COLUMBUS: Last week I received a nice note from a fellow asking, “What was Will’s feelings toward the church? What did he believe on the subject of Christ or the Christian church?”

At first, I wasn’t sure how to take the inquiry. But then I realized the Academy Awards are tonight (Sunday), and since I’m kinda associated with Hollywood, my faith might naturally come into question.

Besides I have kidded preachers and joked about religions just the same as congress, bankers, lawyers, real estate agents and Chambers of Commerce. If a man just reads these remarks that were intended to have more humor in ’em than theology, it’s easy to see how he could get the wrong idea.

In 1920 I was challenged to a debate by the famous Baptist preacher, Dr. James Whitcomb Brougher on the topic, “Resolved, that cowboys have contributed more to civilization than preachers”. I didn’t know till five minutes before we started I was supposed to defend the cowboy. In the debate, conducted in front of the Advertising Club of Los Angeles, I claimed, “The cowboys went across the plains in the early days, fought every foot of the way, killed Indians and fought buffalo, and opened this beautiful country of California up. And the preachers came along and closed it.” Well, he came right back at me, “The first thing the preachers had to do in advancing civilization was to catch a cowboy and civilize him.” So, that went on for most of an hour, with no clear winner but we both got a lot of laughs.

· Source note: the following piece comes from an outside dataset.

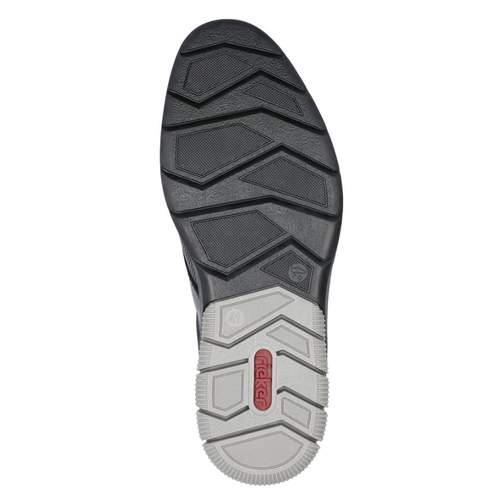 Men's Rieker Dustin 50 - Black/Black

During the famous Scopes trial in Dayton, Tennessee, I wrote a few things on evolution: “The Lord put all these million of people over the earth. They don’t all agree on how they got here, and ninety percent don’t care. But He was pretty wise when He did see to it that they all do agree on one thing. (whether Christian, Heathen, or Mohammedan) and that is that the better lives you live the better you will finish.”

“As far as Scopes teaching children evolution, nobody is going to change the belief of Tennessee children as to their ancestry. It is from the action of their parents that they will form their opinions. There is a terrible lot of us who don’t think that we come from a monkey, but if there are some people who think that they do, why, it’s not our business to rob them of what little pleasure they may get out of imagining it.”

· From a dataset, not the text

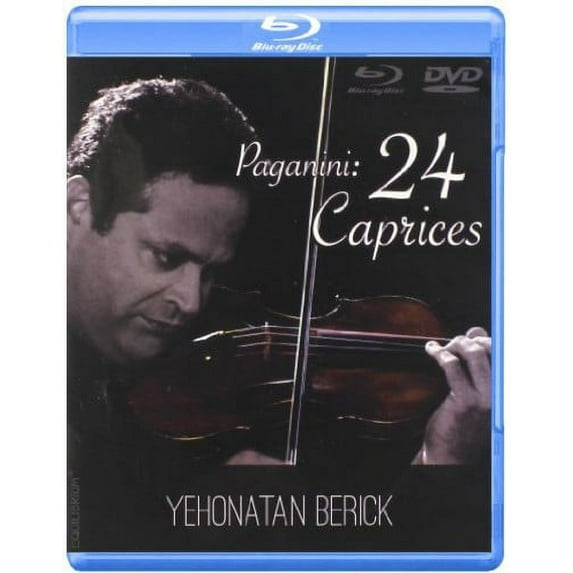 24 Caprices (Blu-ray + DVD)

“I was raised predominantly a Methodist, but I have traveled so much, mixed with so many people in all parts of the world, that I don’t know just what I am now. I know I have never been a nonbeliever. I have worked with every denomination in the world because one is just as worthy as the other. I don’t think any one religion is the religion. If I am broad-minded in any way (and I hope I am in many) but I do know that I am broad-minded in a religious way. Which way you serve your God will never get one word of argument or condemnation out of me. There has been times when I wished there had been as much real religion among some of our creeds as there has been vanity, but that’s not in any way a criticism.”

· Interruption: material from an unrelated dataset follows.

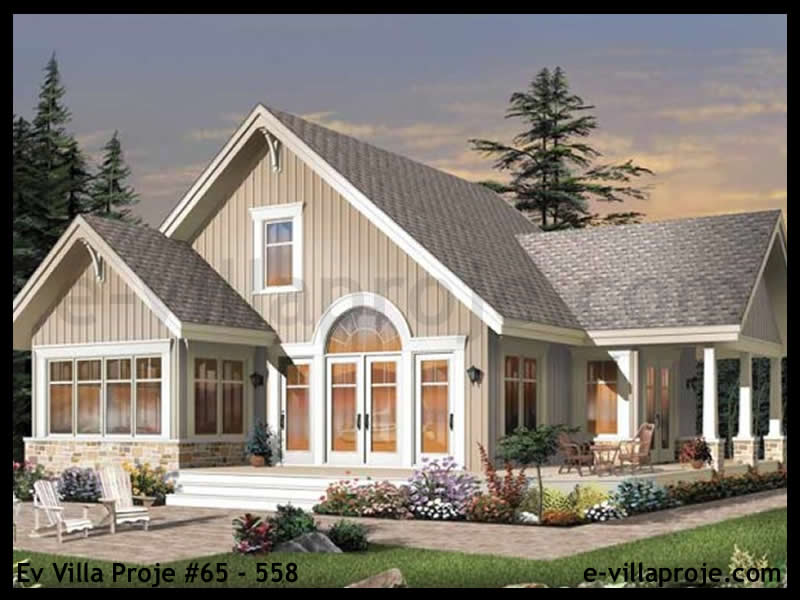 Ev Villa Proje #65 - 558 Ana Görsel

“The Lord didn’t leave any room for doubt when he told us how we should act. His example, and the Ten Commandments are plain enough. Whoever wrote the Ten Commandments made ’em short. They may not always be kept, but they can be understood. They’re the same for everyone.”

Since the movies are on everyone’s mind tonight I’ll close with a comment praising one in 1927: “Say, I just now saw the movie ‘The King of Kings.’ This is not an ad. It’s a duty to let you know of it. The only way you could make a greater picture would be to have a better subject, and I doubt if there will ever be a better subject during our lifetime than the story of Christ.”